EXTRACTED MATERIAL:
Segment Open

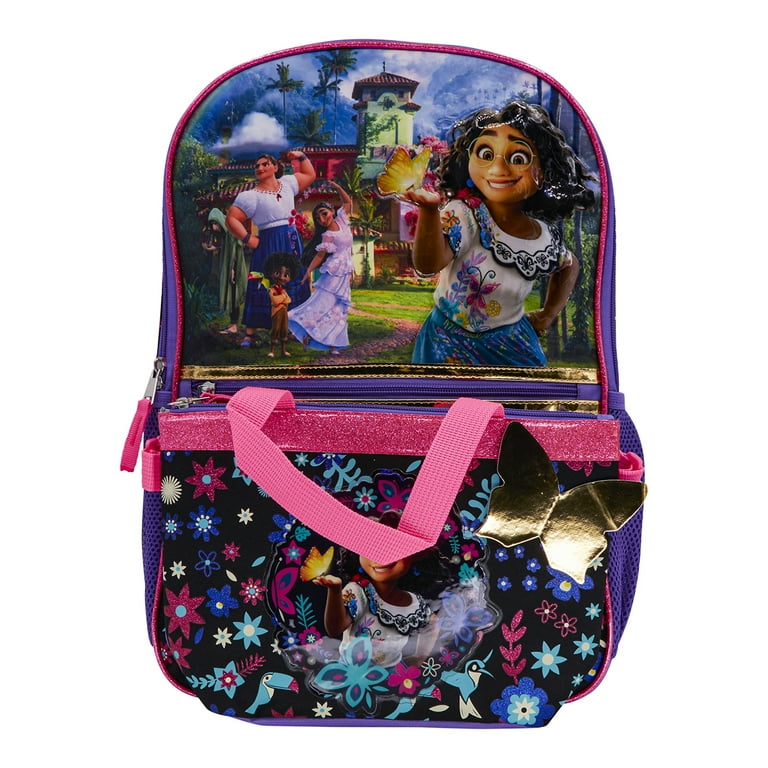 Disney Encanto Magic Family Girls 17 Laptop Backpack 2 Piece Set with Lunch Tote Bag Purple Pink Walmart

Segment Closed
Segment Open

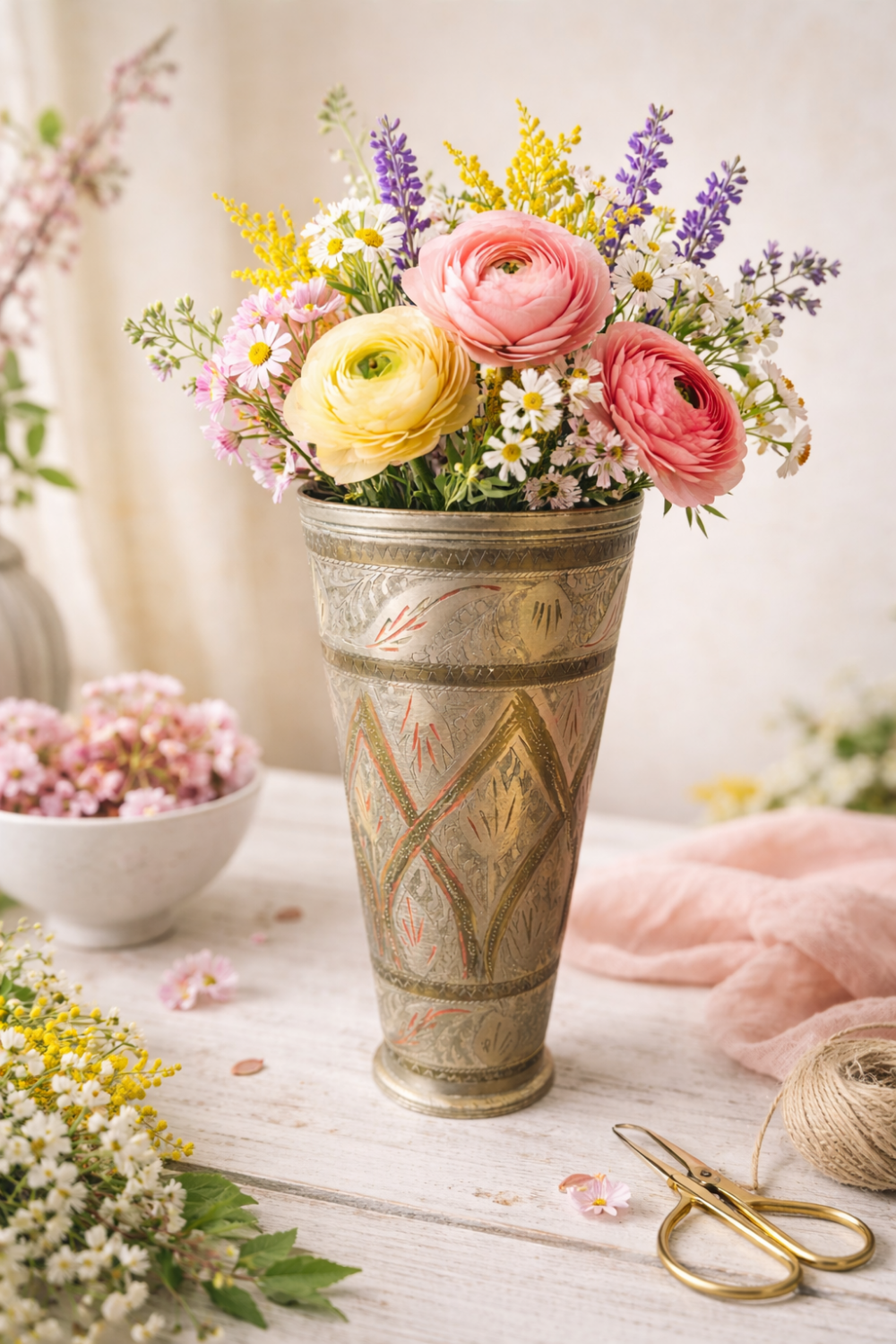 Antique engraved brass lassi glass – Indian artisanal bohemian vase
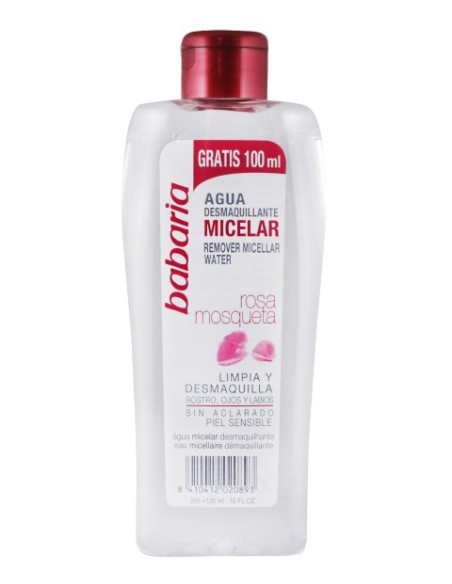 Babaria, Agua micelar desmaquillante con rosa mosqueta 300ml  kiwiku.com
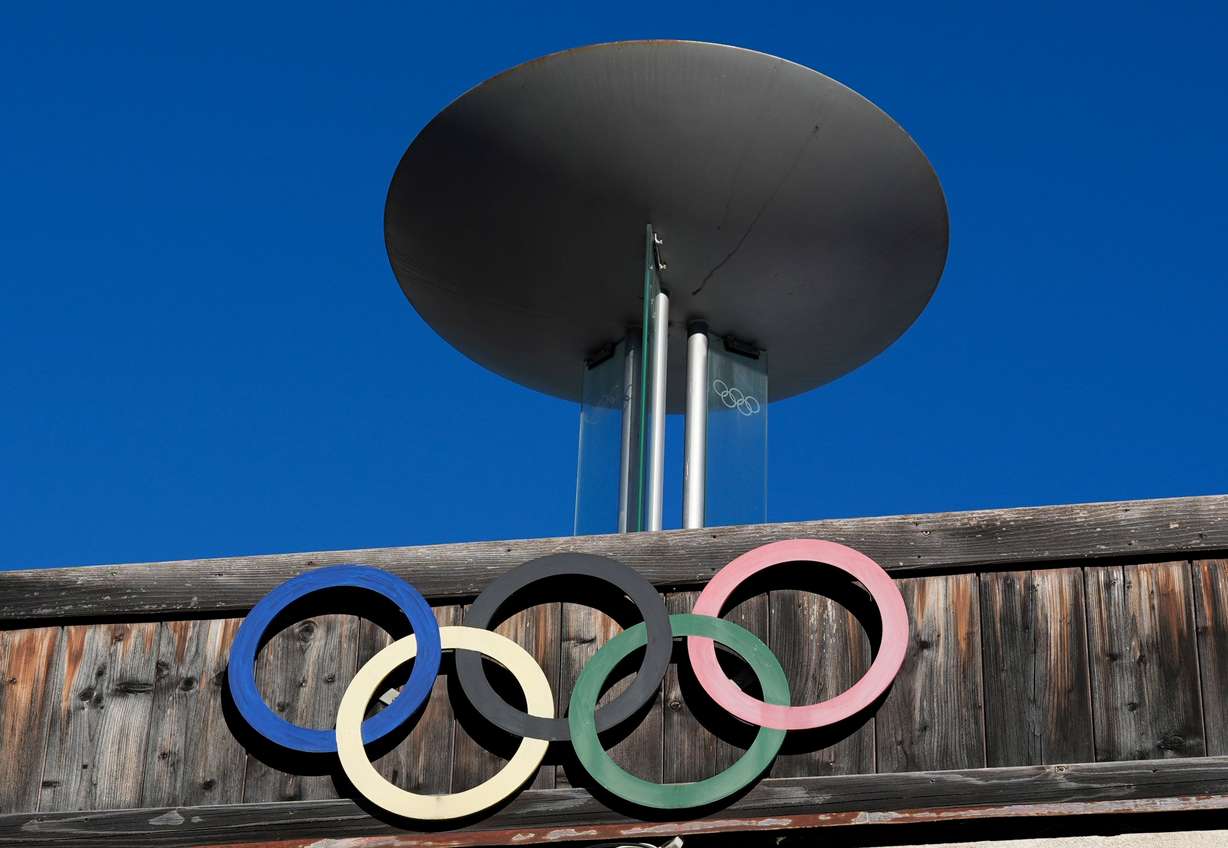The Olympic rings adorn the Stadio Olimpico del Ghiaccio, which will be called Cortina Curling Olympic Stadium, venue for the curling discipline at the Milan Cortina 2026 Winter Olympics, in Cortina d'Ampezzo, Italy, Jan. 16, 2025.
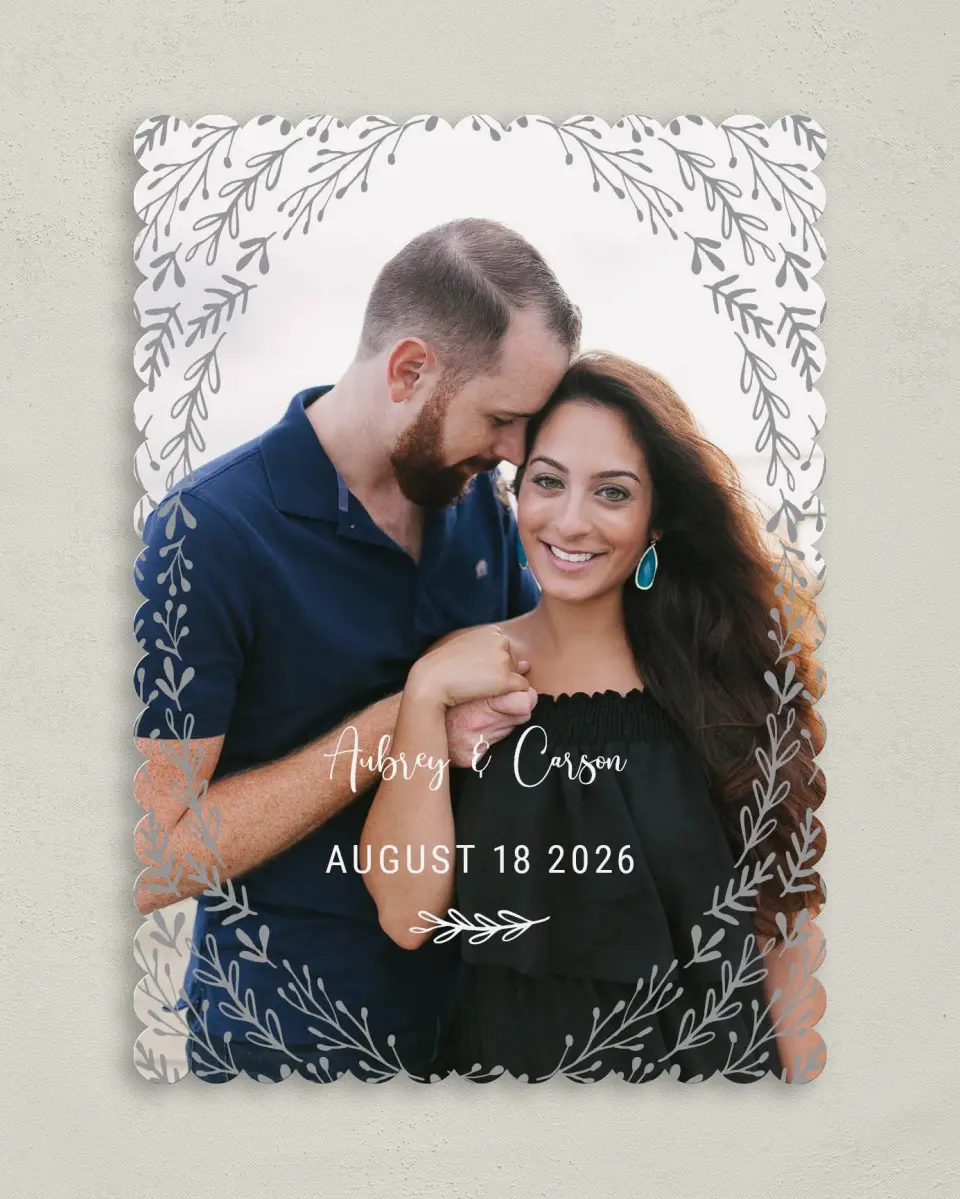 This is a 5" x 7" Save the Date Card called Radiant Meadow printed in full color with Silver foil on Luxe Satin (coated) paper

Segment Closed

Take the material above from the line bearing "Babaria, Agua micelar" through the line bearing "Satin (coated) paper" and write it out exactly, both end lines included. Pictures stay out.

 Babaria, Agua micelar desmaquillante con rosa mosqueta 300ml  kiwiku.com
The Olympic rings adorn the Stadio Olimpico del Ghiaccio, which will be called Cortina Curling Olympic Stadium, venue for the curling discipline at the Milan Cortina 2026 Winter Olympics, in Cortina d'Ampezzo, Italy, Jan. 16, 2025.
 This is a 5" x 7" Save the Date Card called Radiant Meadow printed in full color with Silver foil on Luxe Satin (coated) paper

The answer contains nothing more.